Real-time 3D Deep Multi-Camera Tracking
- URL: http://arxiv.org/abs/2003.11753v1
- Date: Thu, 26 Mar 2020 06:08:19 GMT
- Title: Real-time 3D Deep Multi-Camera Tracking
- Authors: Quanzeng You, Hao Jiang
- Abstract summary: We propose a novel end-to-end tracking pipeline, Deep Multi-Camera Tracking (DMCT), which achieves reliable real-time multi-camera people tracking.
Our system achieves the state-of-the-art tracking results while maintaining real-time performance.

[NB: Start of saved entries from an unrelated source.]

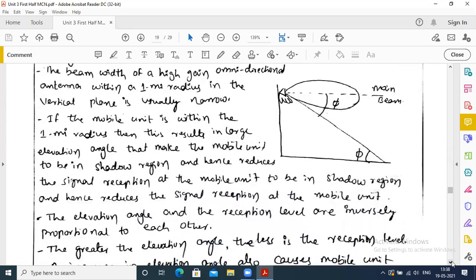The shadow region means it will not be in the beam width area — it will be in some other area, which we call the shadow region. The shadow region will reduce the signal reception at the mobile unit. The elevation angle and the reception level are inversely proportional to each other.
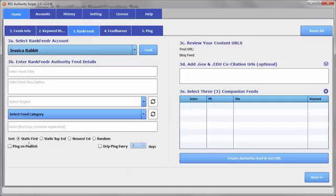Now, if you always want your static items or your particular content at the top so that it looks the most important, then you choose static first. That's also the default.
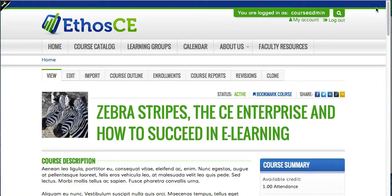Hi, my name is Ezra Wolf, and I'm going to show some of the course features of Ethos CE Learning Management System. To start with, I'm logged in as a course administrator, and we're looking at a course page right now.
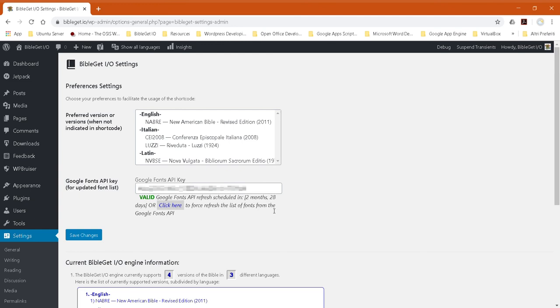If for any reason you would like to refresh the list of fonts before those three months are up, you just have to click here. And it will check if there's any new fonts.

- Score: 13.494550690138775
- License: http://arxiv.org/licenses/nonexclusive-distrib/1.0/
- Abstract: Tracking a crowd in 3D using multiple RGB cameras is a challenging task. Most
previous multi-camera tracking algorithms are designed for offline setting and
have high computational complexity. Robust real-time multi-camera 3D tracking
is still an unsolved problem. In this work, we propose a novel end-to-end
tracking pipeline, Deep Multi-Camera Tracking (DMCT), which achieves reliable
real-time multi-camera people tracking. Our DMCT consists of 1) a fast and
novel perspective-aware Deep GroudPoint Network, 2) a fusion procedure for
ground-plane occupancy heatmap estimation, 3) a novel Deep Glimpse Network for
person detection and 4) a fast and accurate online tracker. Our design fully
unleashes the power of deep neural network to estimate the "ground point" of
each person in each color image, which can be optimized to run efficiently and
robustly. Our fusion procedure, glimpse network and tracker merge the results
from different views, find people candidates using multiple video frames and
then track people on the fused heatmap. Our system achieves the
state-of-the-art tracking results while maintaining real-time performance.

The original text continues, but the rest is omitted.